With that change, the series is
	Reviewed-by: Lijo Lazar <lijo.lazar at amd.com>

Thanks,
Lijo

> +
>   struct amdgpu_xcp_mgr;
>   struct amdgpu_device;
>   struct amdgpu_irq_src;
> diff --git a/drivers/gpu/drm/amd/pm/powerplay/amd_powerplay.c b/drivers/gpu/drm/amd/pm/powerplay/amd_powerplay.c
> index 11b7b4cffaae..ff360c699171 100644
> --- a/drivers/gpu/drm/amd/pm/powerplay/amd_powerplay.c
> +++ b/drivers/gpu/drm/amd/pm/powerplay/amd_powerplay.c
> @@ -26,6 +26,7 @@
>   #include <linux/gfp.h>
>   #include <linux/slab.h>
>   #include <linux/firmware.h>
> +#include <linux/reboot.h>
>   #include "amd_shared.h"
>   #include "amd_powerplay.h"
>   #include "power_state.h"
> @@ -91,6 +92,45 @@ static int pp_early_init(void *handle)
>   	return 0;
>   }
>   
> +static void pp_swctf_delayed_work_handler(struct work_struct *work)
> +{
> +	struct pp_hwmgr *hwmgr =
> +		container_of(work, struct pp_hwmgr, swctf_delayed_work.work);
> +	struct amdgpu_device *adev = hwmgr->adev;
> +	struct amdgpu_dpm_thermal *range =
> +				&adev->pm.dpm.thermal;
> +	uint32_t gpu_temperature, size;
> +	int ret;
> +
> +	/*
> +	 * If the hotspot/edge temperature is confirmed as below SW CTF setting point
> +	 * after the delay enforced, nothing will be done.
> +	 * Otherwise, a graceful shutdown will be performed to prevent further damage.
> +	 */
> +	if (range->sw_ctf_threshold &&
> +	    hwmgr->hwmgr_func->read_sensor) {
> +		ret = hwmgr->hwmgr_func->read_sensor(hwmgr,
> +						     AMDGPU_PP_SENSOR_HOTSPOT_TEMP,
> +						     &gpu_temperature,
> +						     &size);
> +		/*
> +		 * For some legacy ASICs, hotspot temperature retrieving might be not
> +		 * supported.

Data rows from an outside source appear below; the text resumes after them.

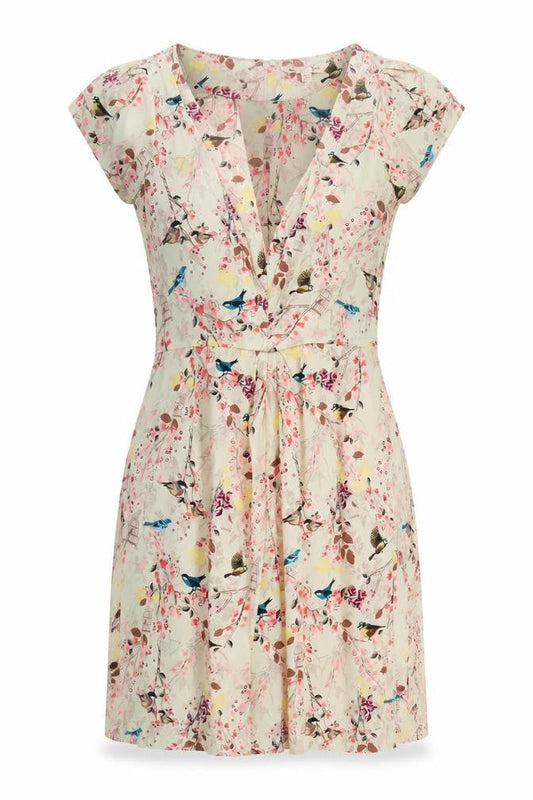 Yumi Women Beige Floral Bird Print Fit & Flare Dress Size 10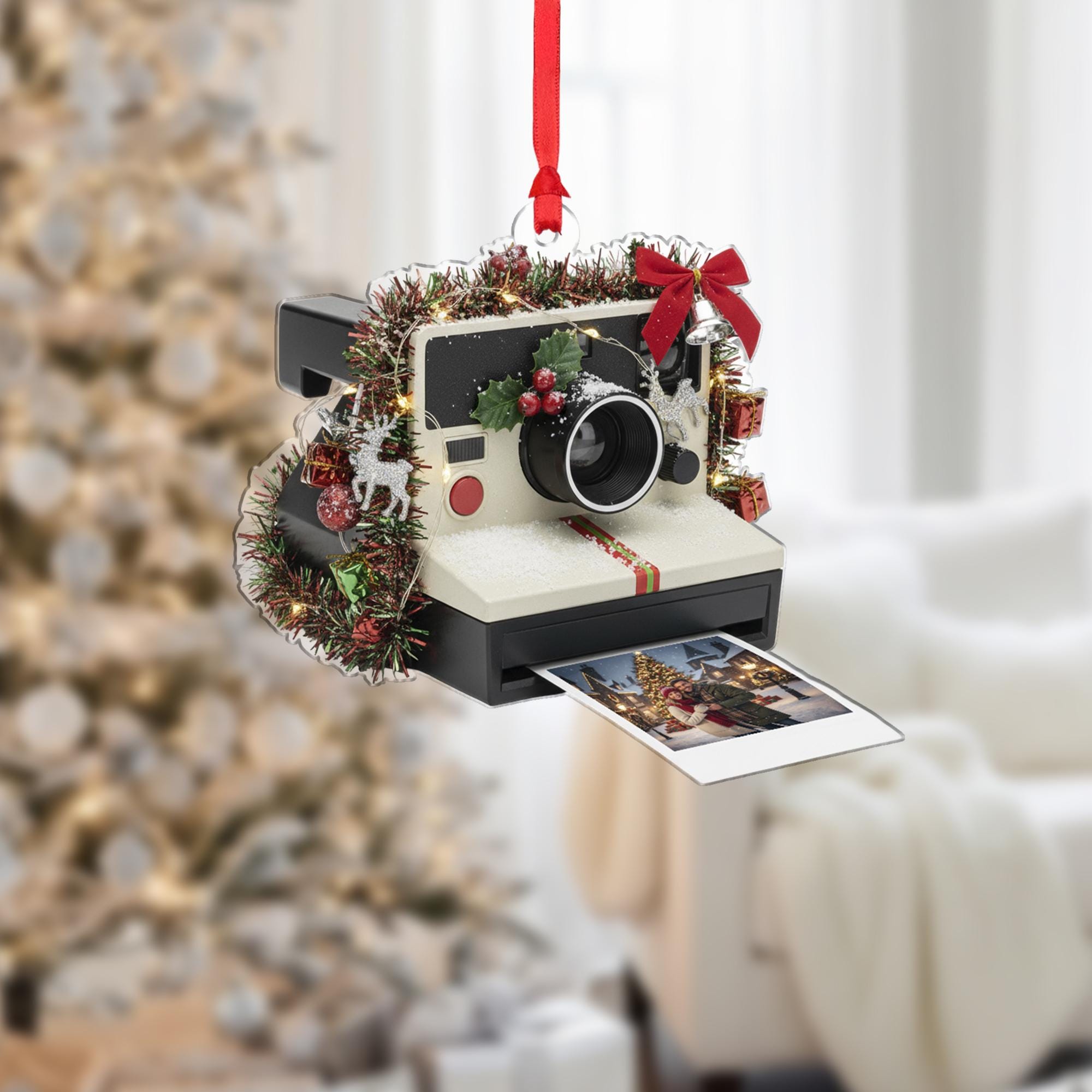 Camera Ornament: Retro Christmas Tree Decoration with Photo and Holiday Details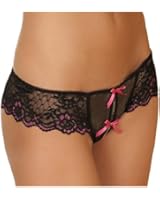 Rene Rofe Women's Crotchless Lace Thong Panty with Bows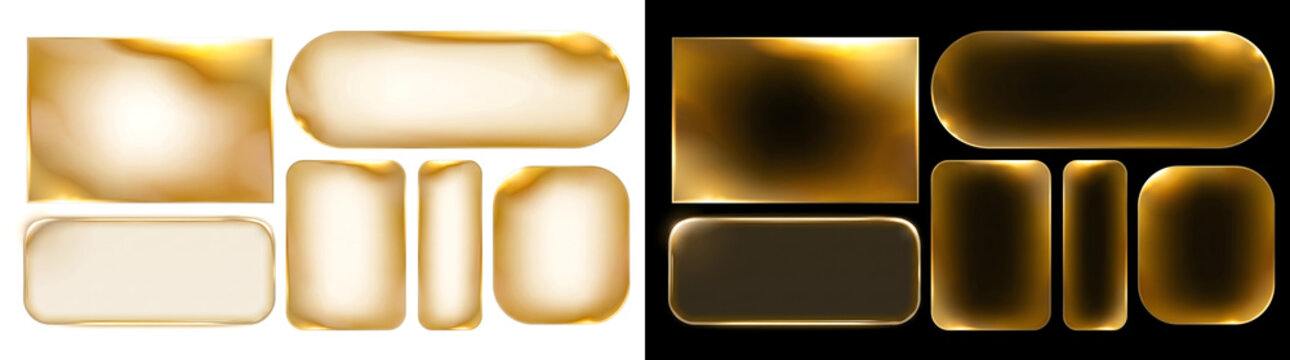 Golden glass button shapes glowing with sleek glossy rounded edges for creative design in PNG, Transparent and Black Background Versions
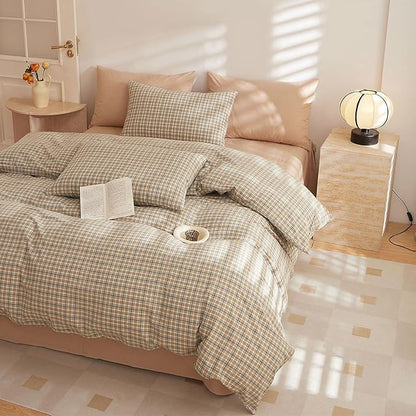HighBuy Khaki Gingham Comforter Set Queen Modern Chic Plaid Comforter Set 3 Pieces Soft Fluffy Grid Checkered Patchwork Pattern Comforter with 2 Pillowcases Gingham Plaid Bedding Set Queen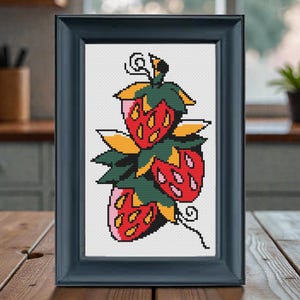 Patrón de punto de cruz de fresa dulce – Bordado de frutas subversivo en PDF – Diseño inspirado en tatuajes – Descarga instantánea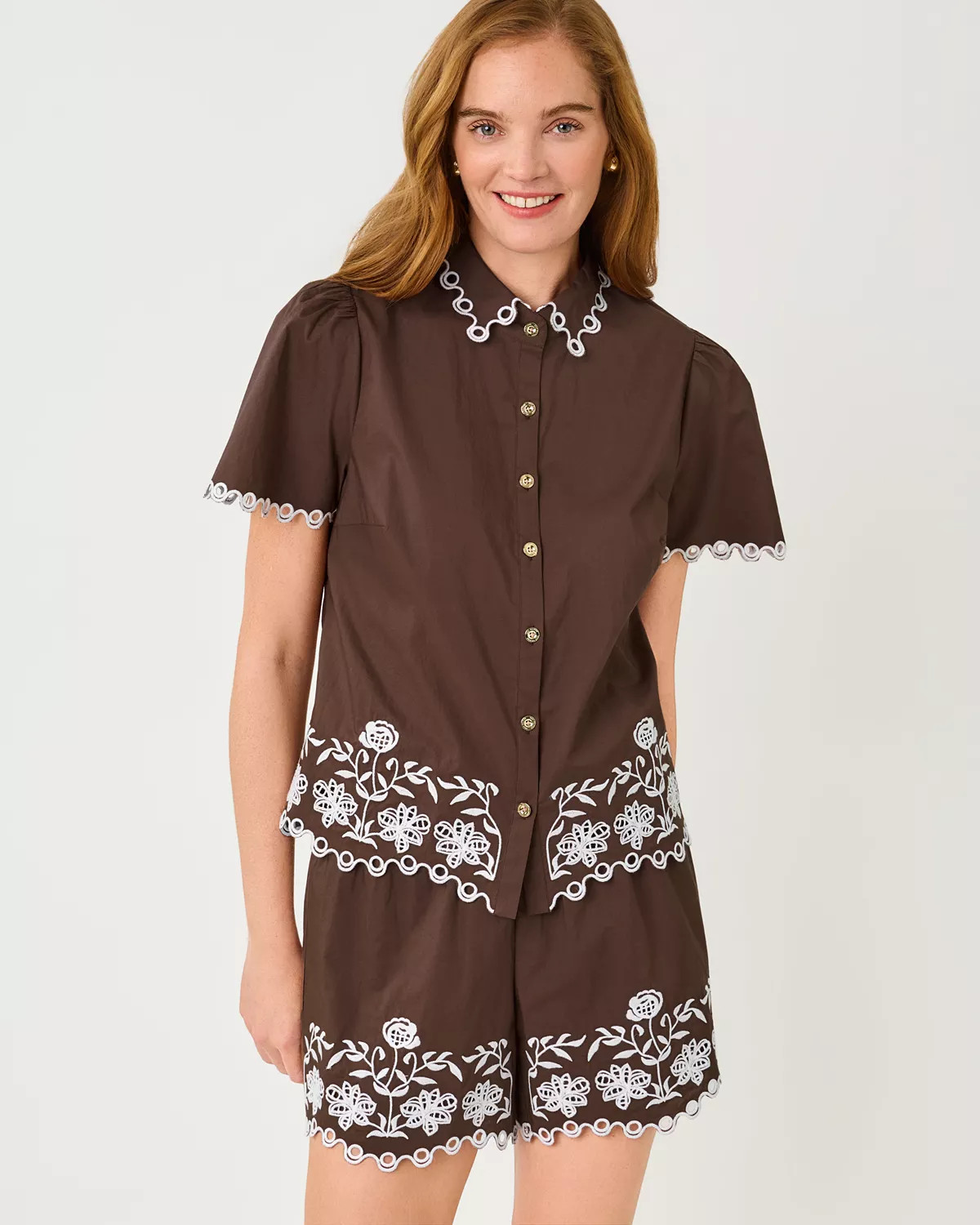 Rikki Short Sleeve Embroidered Top | Lilly Pulitzer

Check the edge temperature instead then.
> +		 */
> +		if (ret == -EOPNOTSUPP)
> +			ret = hwmgr->hwmgr_func->read_sensor(hwmgr,
> +							     AMDGPU_PP_SENSOR_EDGE_TEMP,
> +							     &gpu_temperature,
> +							     &size);
> +		if (!ret && gpu_temperature / 1000 < range->sw_ctf_threshold)
> +			return;
> +	}
> +
> +	dev_emerg(adev->dev, "ERROR: GPU over temperature range(SW CTF) detected!\n");
> +	dev_emerg(adev->dev, "ERROR: System is going to shutdown due to GPU SW CTF!\n");
> +	orderly_poweroff(true);
> +}
> +
>   static int pp_sw_init(void *handle)
>   {
>   	struct amdgpu_device *adev = handle;
> @@ -101,6 +141,10 @@ static int pp_sw_init(void *handle)
>   
>   	pr_debug("powerplay sw init %s\n", ret ? "failed" : "successfully");
>   
> +	if (!ret)
> +		INIT_DELAYED_WORK(&hwmgr->swctf_delayed_work,
> +				  pp_swctf_delayed_work_handler);
> +
>   	return ret;
>   }
>   
> @@ -135,6 +179,8 @@ static int pp_hw_fini(void *handle)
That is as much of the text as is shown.